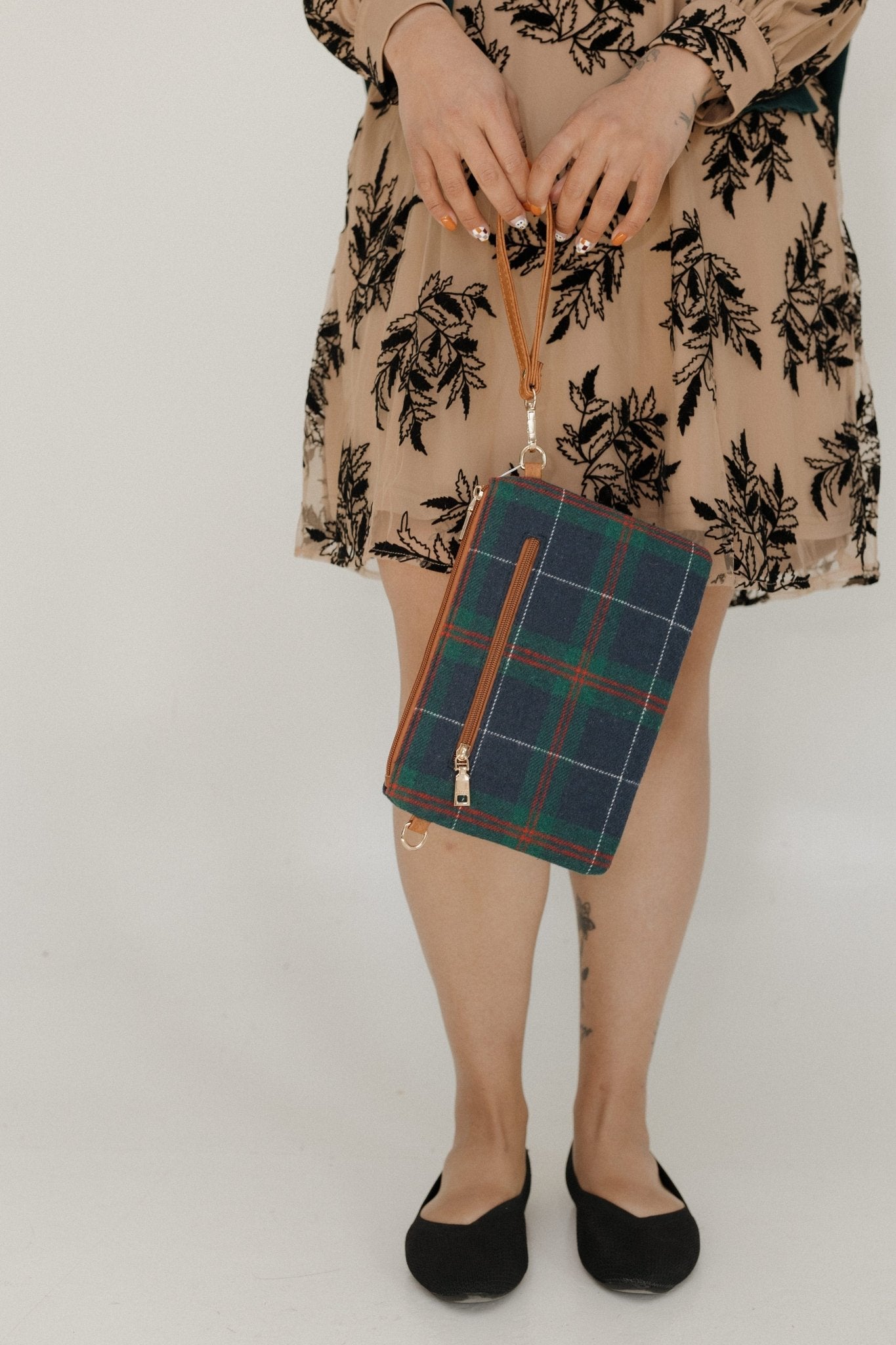NAVY AND GREEN PLAID CLUTCH - Love Marlow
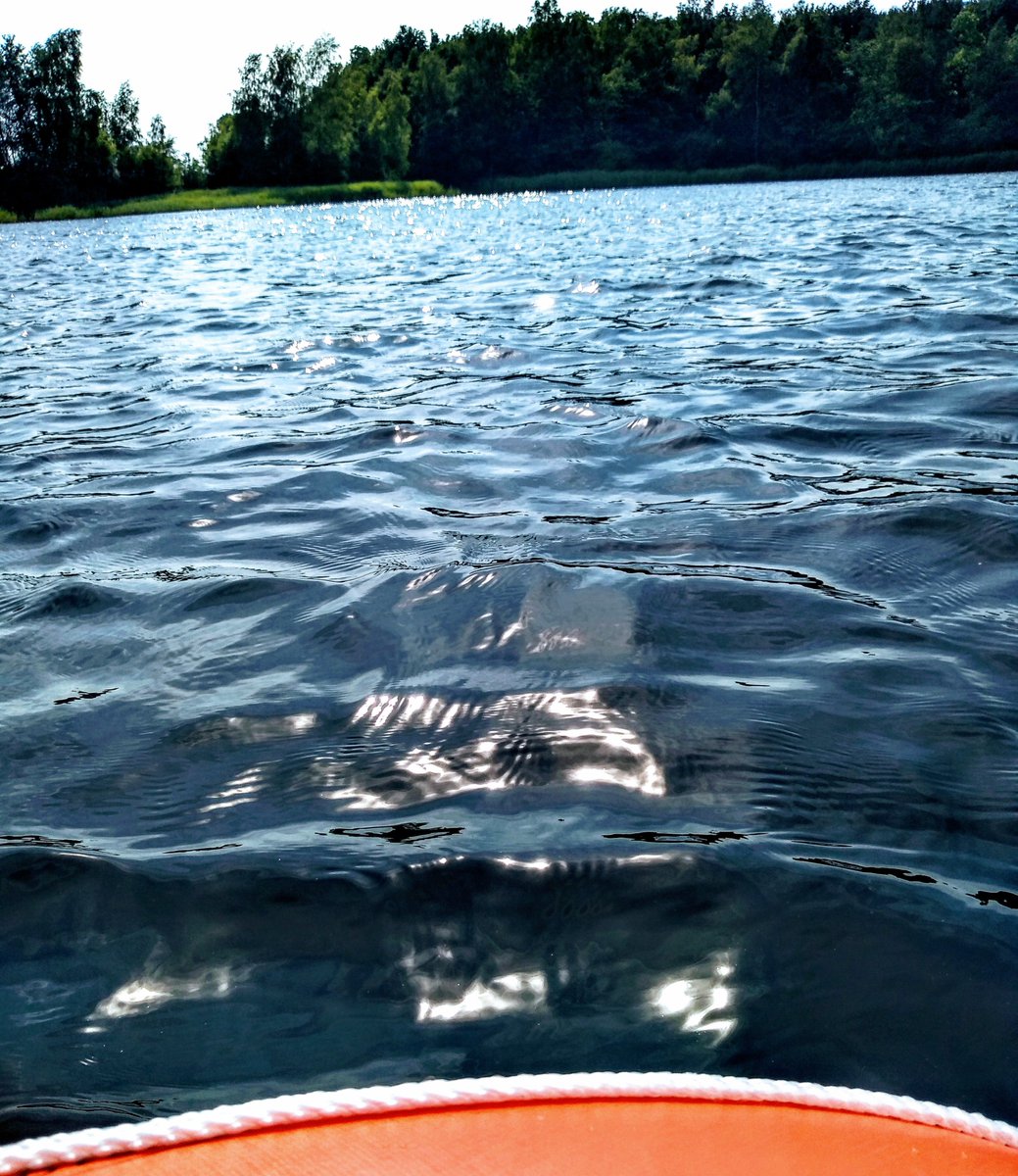 DJMissMana's tweet image. There are worse way's to 'call it a day' #twinkling #water #paddlepower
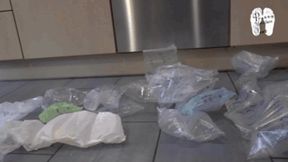 Bubble wrap crush fun 4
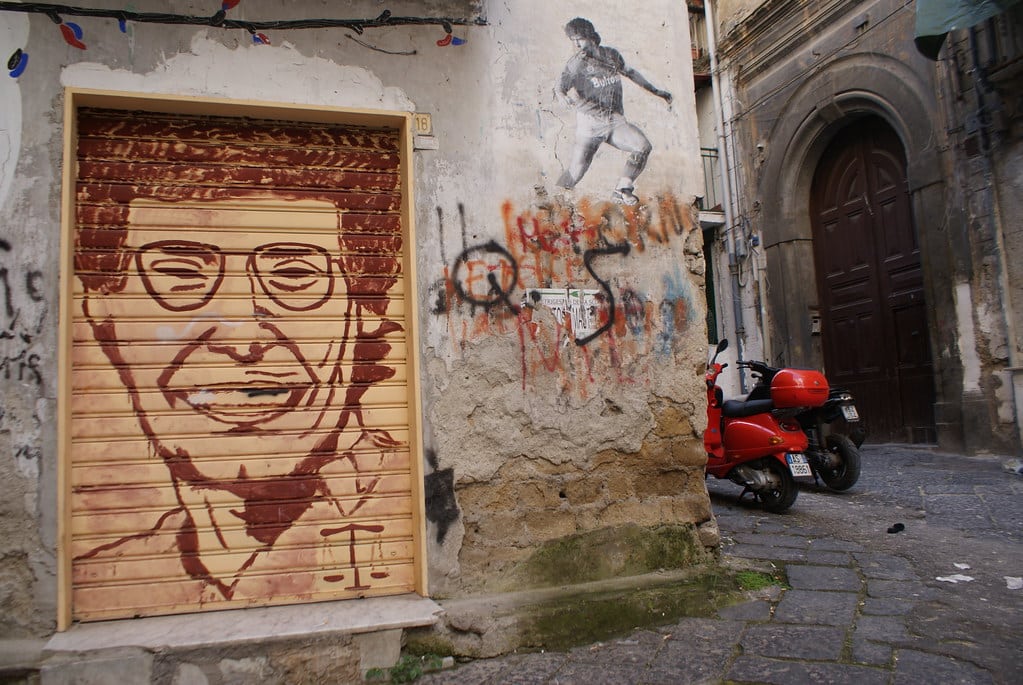 Qui est-ce ? La balance nous indique un Camorriste ou une victime ? C’est un peu plus simple avec Maradona. Quartiers Espagnols à Naples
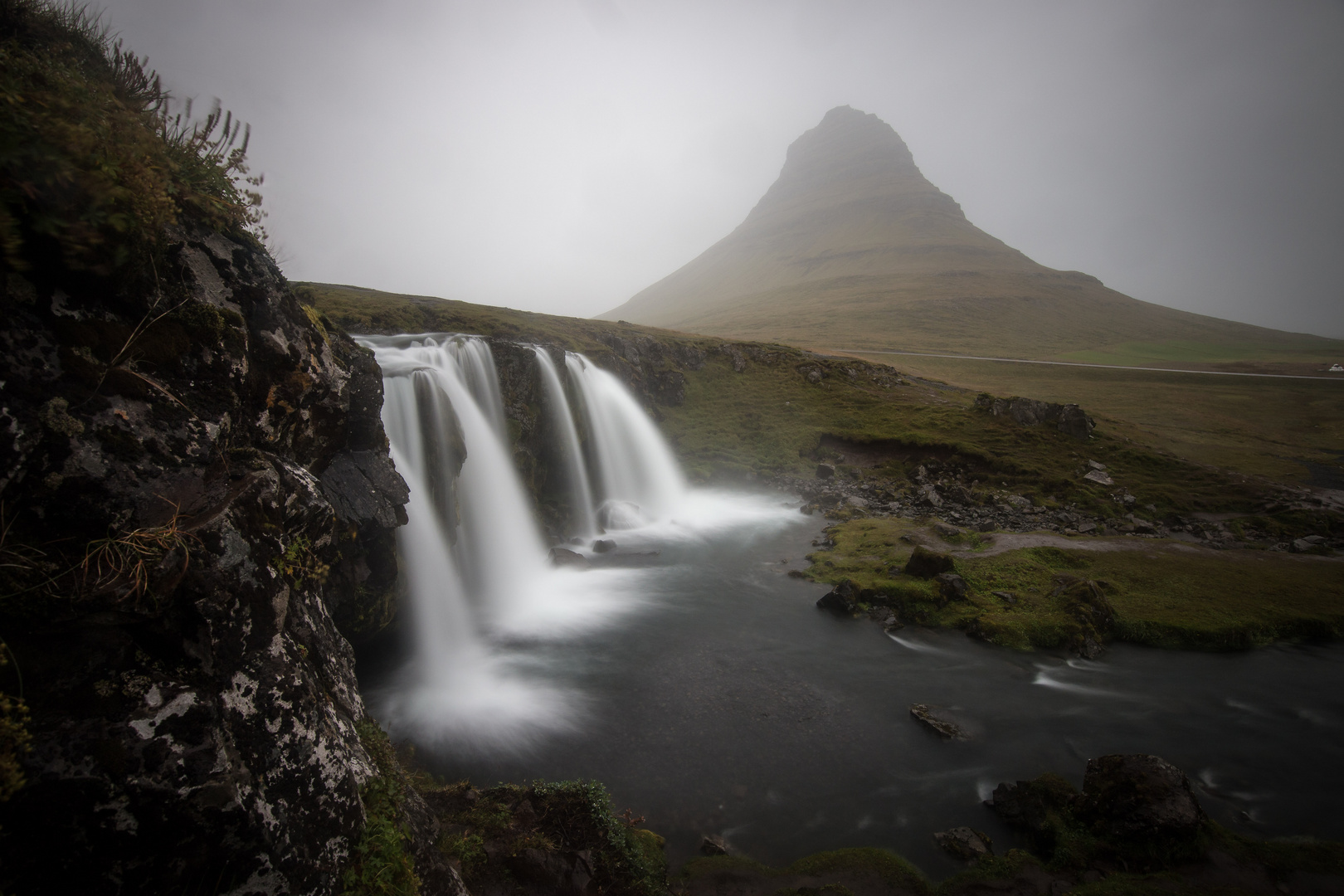 Kirkjufell im Nebel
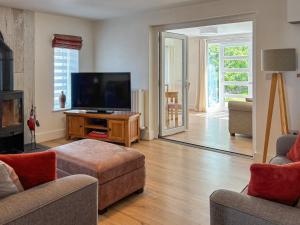 ein Wohnzimmer mit Flachbildfernseher und Couch in der Unterkunft Townend Cottage in Aikton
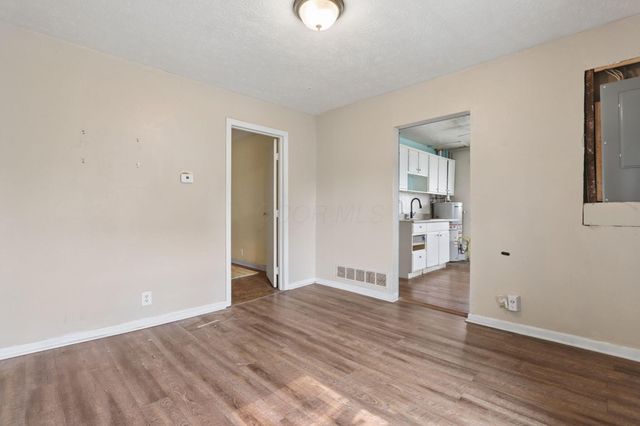 1128 Hilock Road, Columbus, OH 43207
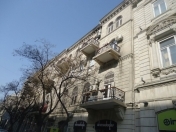 Satılır 1 otaqlı 40 m2 köhnə tikili Sahil m.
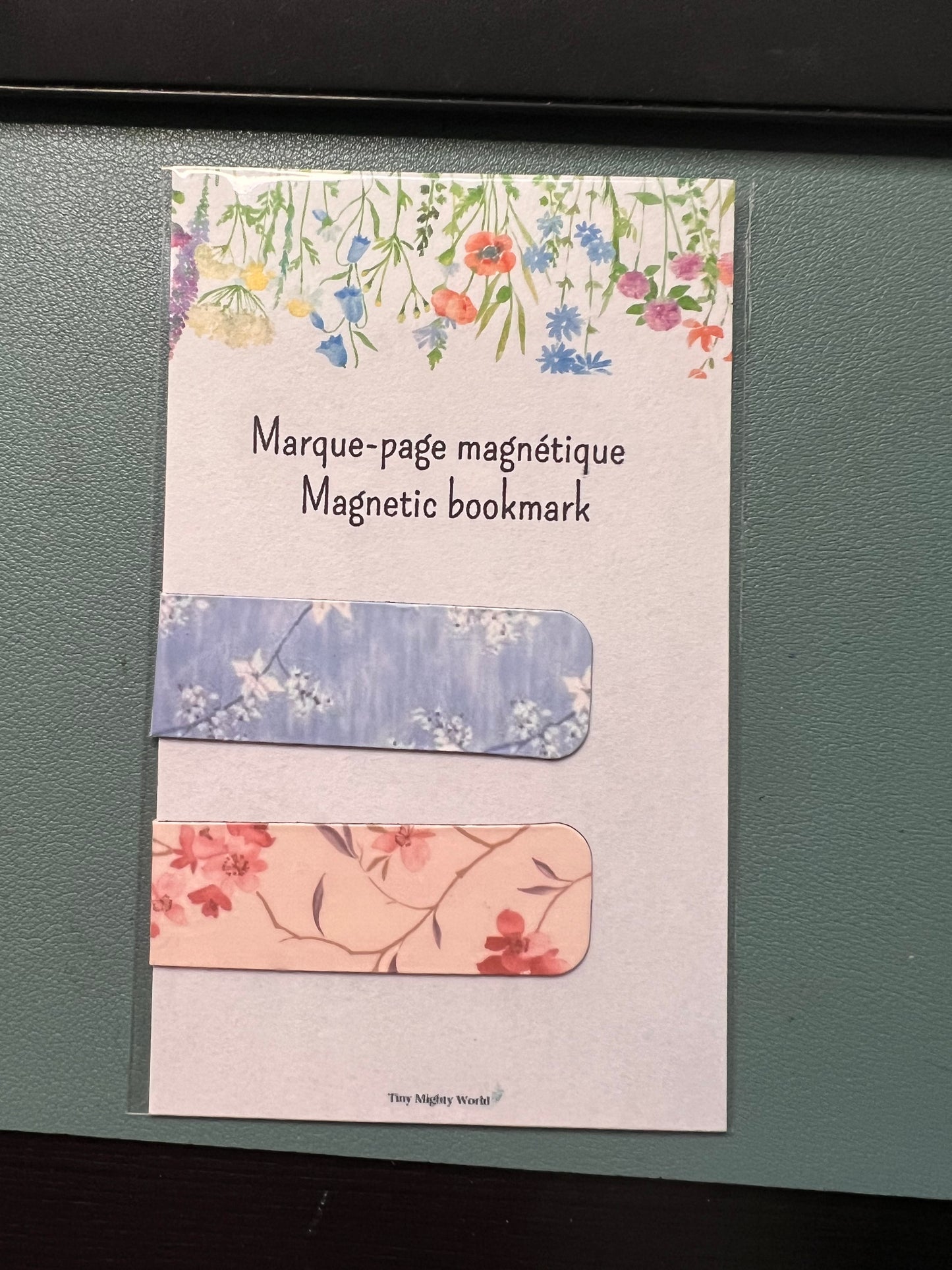 Magnetic Bookmark (2)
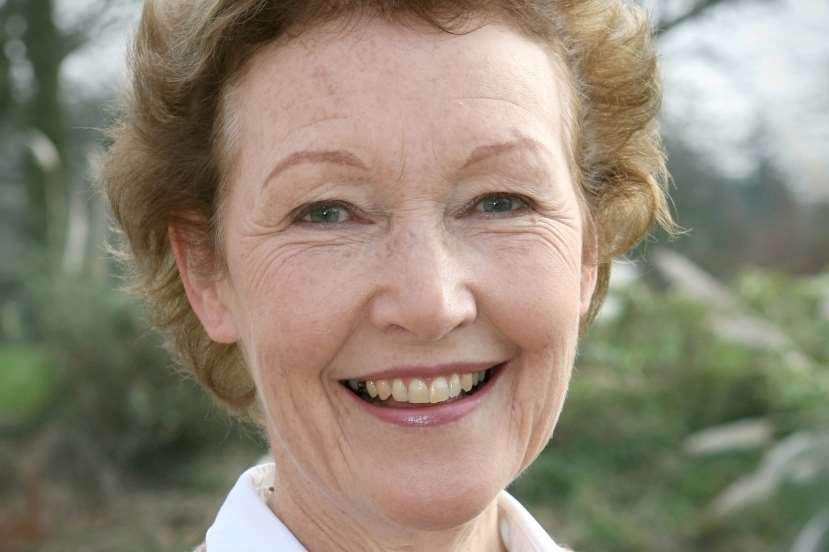 Visit Kent chairman Amanda Cottrell is to step down after seven years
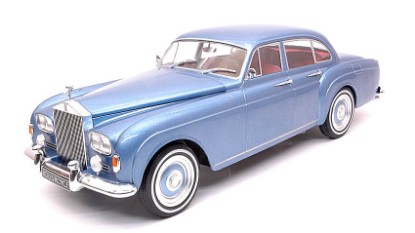 Immagine di ROLLS ROYCE SILVER CLOUD III FLYING 1963 LIGHT BLUE METALLIC 1:18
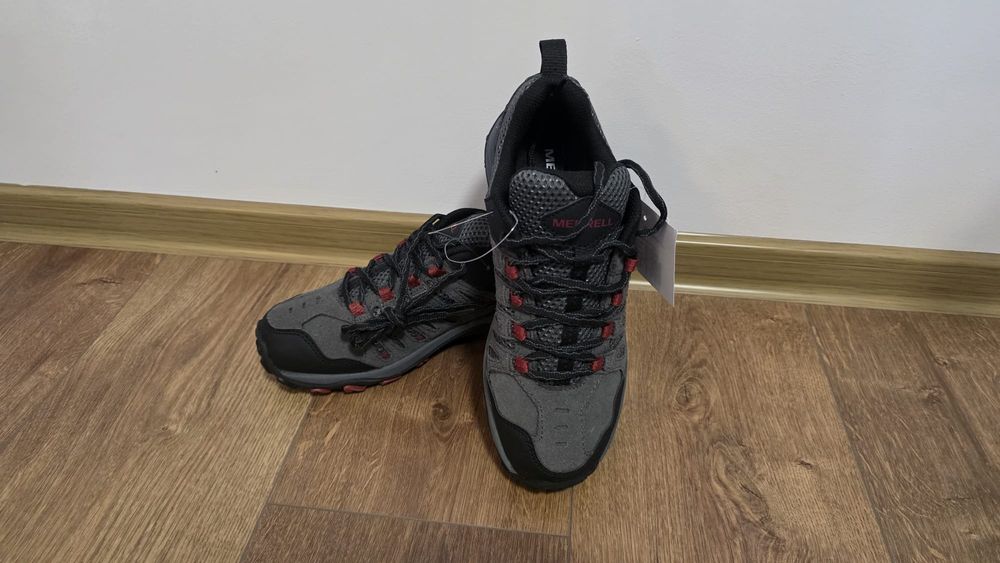 Încălțăminte drumeție Merrell, mărimea 39, noi, nefolositi, cu etichetă, ghete Decathlon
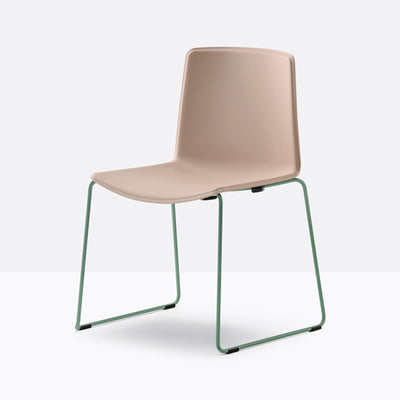 Chaise Tweet luge rose, vue de trois quarts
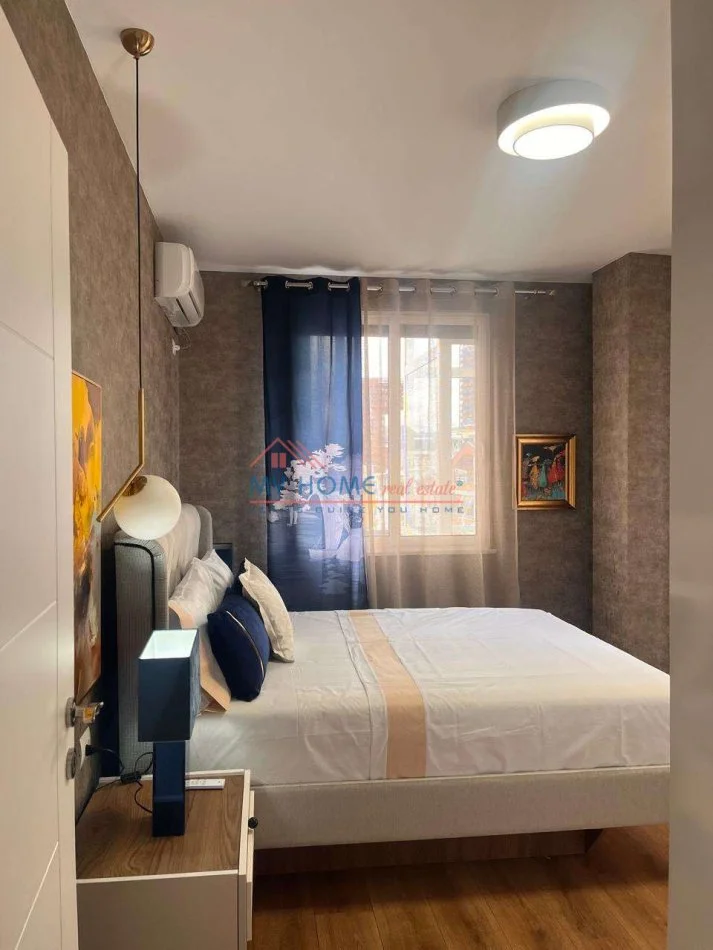 Tirane, jepet me qera apartament 1+1+Ballkon Kati 6, 77 m² 800 € (Zogu i Zi)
-*-*-
◆ **WHAT YOU HAVE TO DO**: Restate every line above exactly, omitting images.

◆ **RESPONSE BOX**:
NAVY AND GREEN PLAID CLUTCH - Love Marlow
 DJMissMana's tweet image. There are worse way's to 'call it a day' #twinkling #water #paddlepower
 Bubble wrap crush fun 4
 Qui est-ce ? La balance nous indique un Camorriste ou une victime ? C’est un peu plus simple avec Maradona. Quartiers Espagnols à Naples
 Kirkjufell im Nebel
 ein Wohnzimmer mit Flachbildfernseher und Couch in der Unterkunft Townend Cottage in Aikton
 1128 Hilock Road, Columbus, OH 43207
 Satılır 1 otaqlı 40 m2 köhnə tikili Sahil m.
 Magnetic Bookmark (2)
 Visit Kent chairman Amanda Cottrell is to step down after seven years
 Immagine di ROLLS ROYCE SILVER CLOUD III FLYING 1963 LIGHT BLUE METALLIC 1:18
 Încălțăminte drumeție Merrell, mărimea 39, noi, nefolositi, cu etichetă, ghete Decathlon
 Chaise Tweet luge rose, vue de trois quarts
 Tirane, jepet me qera apartament 1+1+Ballkon Kati 6, 77 m² 800 € (Zogu i Zi)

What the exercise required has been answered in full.